Only three of James Thompson’s 33 career bouts have gone the distance. | Photo: Dave Mandel/Sherdog.com
Bellator MMA kicks off its 2014 Summer Series on Friday, when the Viacom-owned organization holds Bellator 121 at Winstar World Casino in Thackerville, Okla.
The Spike TV-broadcast main card will feature two longtime staples of the fight game, the larger of which is James Thompson. The English heavyweight gained fame in Japan’s Pride Fighting Championships, based largely on his sheer size and willingness to throw caution to the wind and go for broke early. “The Colossus” was never the most skilled big man in the sport, but few possessed his type of action-figure physique and aggressiveness. It is not hard to see why he became popular, despite his pedestrian fight record.
As time went on, however, the novelty wore off. Whereas Thompson’s fights with men like Kazuyuki Fujita and Don Frye held legitimate intrigue, his bouts with the likes of Brett Rogers and Kevin “Kimbo Slice” Ferguson seemed designed to sacrifice Thompson’s name recognition at the altar of men who EliteXC hoped would become top-level talents and big-money draws. I think I will skip talking about Thompson’s cauliflower ear explosion on national television.
More recently, Thompson has competed internationally within India’s Super Fight League and Poland’s KSW. Though he has gone 4-0 with one no contest in his last five fights, his victories have come against the likes of Polish strongman Mariusz Pudzianowski, former World Wrestling Entertainment star Bobby Lashley and onetime Pride mascot Bob Sapp.

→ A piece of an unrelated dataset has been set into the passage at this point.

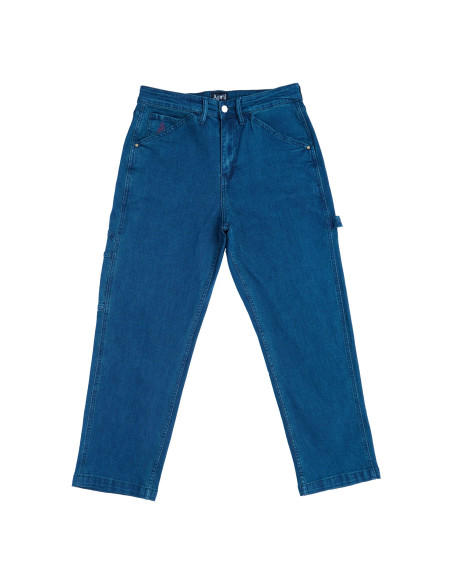 April Skateboards Blue Carpenter jeans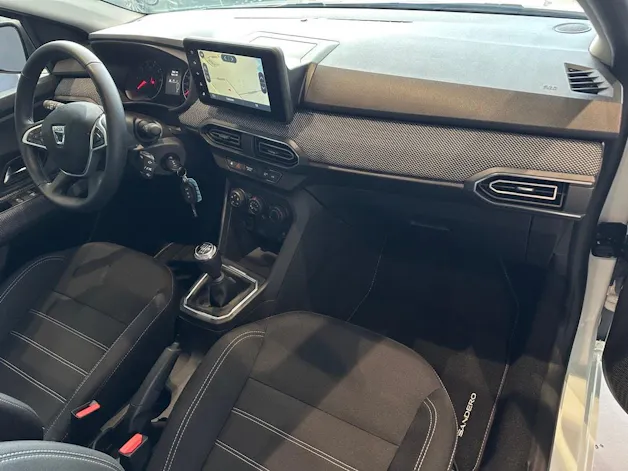 DACIA Sandero TCe 90 Comfort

Although Bellator’s heavyweight division is still largely a work in progress, Thompson will no doubt face stiffer competition upon stepping into the promotion’s circular cage. Champion Vitaly Minakov is no joke, nor are several of the category’s best, like Alexander Volkov, Cheick Kongo and Blagoi Ivanov.
Before Thompson receives a crack at any of those men, however, he must first contend with former title challenger Eric Prindle. How Thompson handles his promotional debut is only one thing to keep an eye on at Bellator 121. Here is what else to watch for at the event:
Prindle has a limited skill set, but there is no doubt that this man is dangerous if you stand in punching range.
“The American Soldier” has seen his ups and downs as a member of the Bellator roster, posting three victories to begin his promotional run before coming up short against then-champion Cole Konrad. Then there was his pair of bizarre matches with Thiago Santos in which each man was disqualified once for kicking the other in the groin. More recently, Prindle has lost back-to-back fights, first dropping a unanimous decision to former K-1 kickboxing standout Peter Graham and then suffering a third-round knockout at the hands of Javy Ayala in March.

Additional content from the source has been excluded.